Monday, May 19, 2008

Moving from Bar Charts to Histograms

In An Introduction to Bar Charts, we saw how bar charts could be used to display measures relating to 'discrete' variables on a chart. In this post, we'll consider how a histogram can be used to plot 'continuous' data using discrete 'bars' to represent the data frequency over a particular range of values.

example histogram from openlearn
Pulse-rates of a group of 100 students (from the OpenLearn Unit More working with charts, graphs and tables).

Read Discrete and continuous variables (from the OpenLearn unit More working with charts, graphs and tables).

What continuous and discrete variables did you identify in the final exercise?

Now read both of these OpenLearn sections on histograms: Histograms (from Working with charts, graphs and tables) and Histograms (from More working with charts, graphs and tables).

What are the defining characteristics of a histogram? Write down at least three ways in which a histogram differs from a simple bar chart.

In a histogram, the range of values that define the samples reported by the height of each bar are often referred to as bins. One thing to check when reading a histogram is the bin size used for each of the bars. In most situations, they should all be the same width... Choosing an appropriate "bin size", or "bin width" can often influence the shape of the histogram, as described here: The Histogram (from NetMBA).

In contrast to a bar char, where each bar represents the value of a discrete variable, in a histogram, the height of each bar in a histogram actually represents a frequency count of how many times a value occurs within the bin corresponding to that bar.

A histogram thus shows the distribution of data values across a particular range.
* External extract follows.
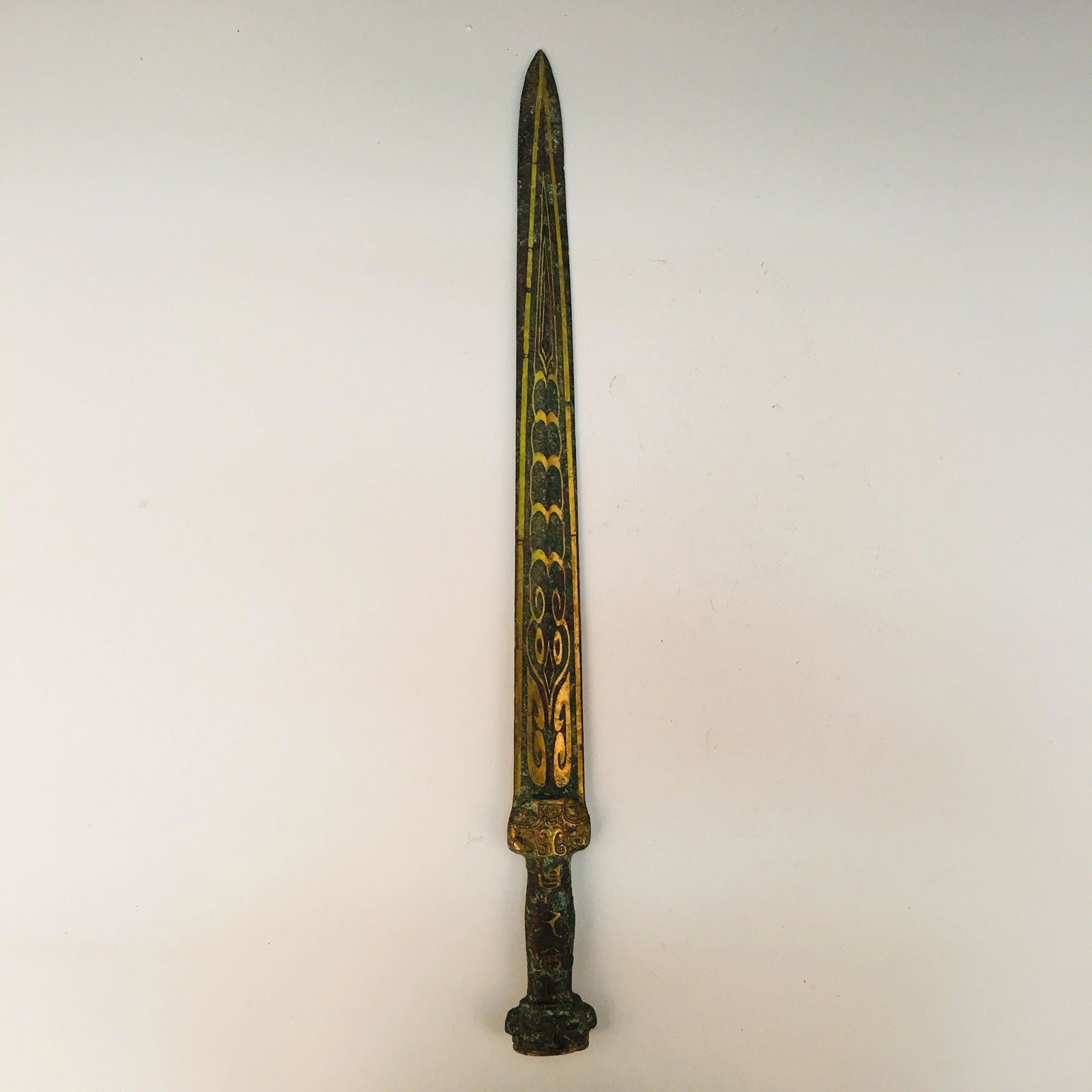 Chinese Bronze Sword (1 of 6)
The human eye is very good at recognising different distribution pattern shapes, so a histogram is one way of detecting potential anomalies in the distribution of data.

In the next post, we will consider alternative ways of displaying continuous data.

Saturday, May 17, 2008

An Introduction to Bar Charts

In A Round Chart in a Square Hole - Stacked Bar Charts I described a particular type of bar chart known as a stacked bar chart, that may be used like a pie chart to display proportional data.

Bar charts can also be used as a far more general type of graphical display.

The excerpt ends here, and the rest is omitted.